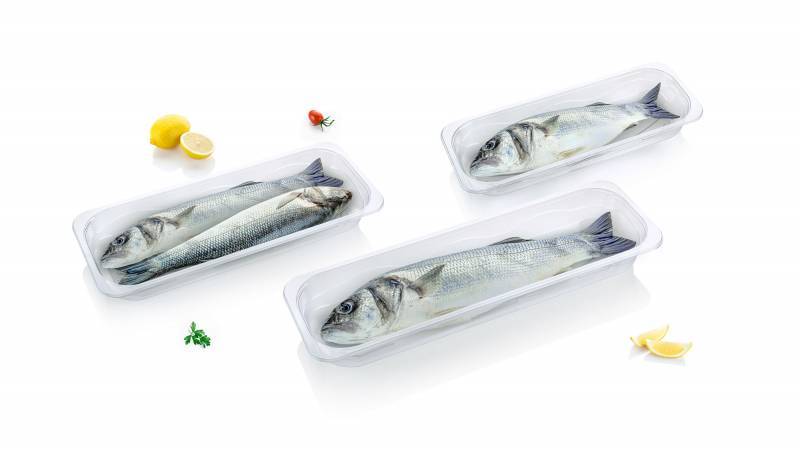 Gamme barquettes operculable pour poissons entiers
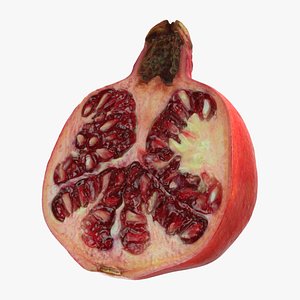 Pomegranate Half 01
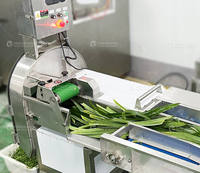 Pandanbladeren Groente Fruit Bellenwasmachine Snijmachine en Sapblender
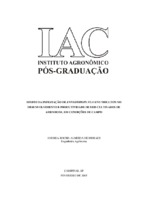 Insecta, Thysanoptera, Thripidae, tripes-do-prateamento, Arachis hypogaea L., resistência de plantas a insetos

(TASK TO COMPLETE): Return the data exactly. Do not carry over any images.

(TASK SOLUTION):
 Gamme barquettes operculable pour poissons entiers
 Pomegranate Half 01
 Pandanbladeren Groente Fruit Bellenwasmachine Snijmachine en Sapblender
 Insecta, Thysanoptera, Thripidae, tripes-do-prateamento, Arachis hypogaea L., resistência de plantas a insetos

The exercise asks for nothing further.